C'est vous dire que les montagnes me sont aussi familières qu'à un religieux du St- Bernard et outre le Kientschang, j'ai visité et même exploré bien des régions qui lui sont contiguës et qui sont plus montagneuses encore tel le Yunnan et les marches thibétaines. Que de fois, en suivant les caravanes qui parcourent ces pistes difficiles, je me suis dit, au passage de col dangereux balayés par le vent et la neige : quels services rendrait ici un hospice tel que celui du St-Bernard et quel rayonnement exercerait sa bienfaisance au profit de la religion.

Assurément, il peut arriver à telle ou telle de ces routes ce qui est arrivé au Mont Cenis, au Simplon, au St-Bernard.... à savoir que la circulation atteignant plus ou moins ces parages, la circulation des voyageurs s'arrête. Mais dans les pays dont je parle et dont la superficie égale à peu près celle de la France, le choix serait immense. Parmi les chaînes de montagnes qui, par centaines, livrent passage à une circulation plus ou moins intense des voyageurs, cavaliers et piétons, il en est incontestablement où, durant peut être des siècles encore, les conditions ne varieront pas.

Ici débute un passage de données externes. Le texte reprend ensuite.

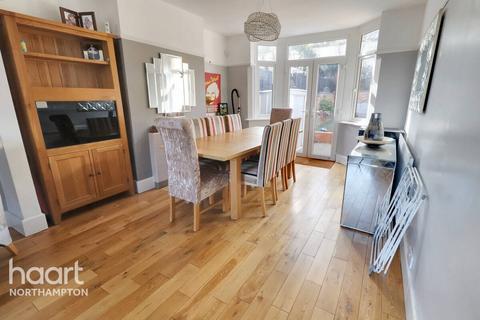 3 bedroom semi-detached house for sale, Forfar Street, Northampton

Il faudrait préférer une route assez difficile pour qu'un hospice ait à y rendre de grands services, et d'autre part, assez peu fréquenté pour qu'il n'y ait pas un encombrement continuel d'allants et venants. ll existe des passages entre vallées — par exemple celle du Mékong et celle de la Salouen — où pendant 5 ou 6 mois de l'année le col (à 5000 mètres d'altitude) est fermé par les frimas, tandis que pendant les 6 autres mois un petit va et vient indispensable aux populations relie les deux vallées. De chaque côté se rencontre des groupes de chrétiens et les postes de missionnaires. Une formule de ce genre me semblerait assez satisfaisante. Or, je le répète, on la trouve réalisé sur un grand nombre de point différent entre lesquels le choix est libre. »

Fort de cet encouragement, les Chanoines du Gd-St-Bernard se sont mis à construire un hospice au coi du Latsa, col reliant un petit village du Haut Mékong dont les curés étaient le père Paul Coquoz et depuis 1946 aussi le père François Fournier et de l'autre, les villages de Bahang et Tchrongteu où se trouvaient des pères des missions étrangères de Paris et également dès 1946, le chanoine Louis Emery, et non loin, les chanoines Maurice Tornay et Alphonse Savioz (Houalopa) ; Angelin Lovey (Tsechung), Cyrille Lathion, Paul Marie Melly (Weixi).

C'est ainsi de 1936 à 1939 qu'a commencé la construction de l'hospice, et cela, dans des conditions assez extrêmes. Puisque vu les conditions atmosphériques à l'altitude de 3'900 mètres, les grandes difficultés de trouver des employés, l'hospice n'a pu être construit que pendant « la bonne saison » qui durait au maximum 3 à 4 mois. Les travaux ont dû être arrêtés vu la deuxième guerre mondiale et l'impossibilité de faire quoi que ce soit, cela d'autant plus vu les turbulences que devaient subir non seulement les missionnaires mais également tout le peuple chinois, et également les minorités locales tels que les tibétains, lissous et loutses.

L'hospice est encore dans le même état où il se trouvait il y a près de 70 ans.

Si notre grand Pascal voulait faire une oeuvre dont tant la Suisse que le Valais, voire et surtout Martigny, seraient fiers, il pourrait donner un coup de main ou mieux encore, afin d'aider à ce que cette oeuvre que les chanoines du Gd-St-Bernard n'ont pu terminer, se termine sous l'égide de l'aide Suisse ou autre. Ce ne serait certainement pas trop demander à Pascal, lui qui a été un fidèle servant de messe de la paroisse de Martigny, et qui ne cache pas la foi qu'il a reçu à son baptême.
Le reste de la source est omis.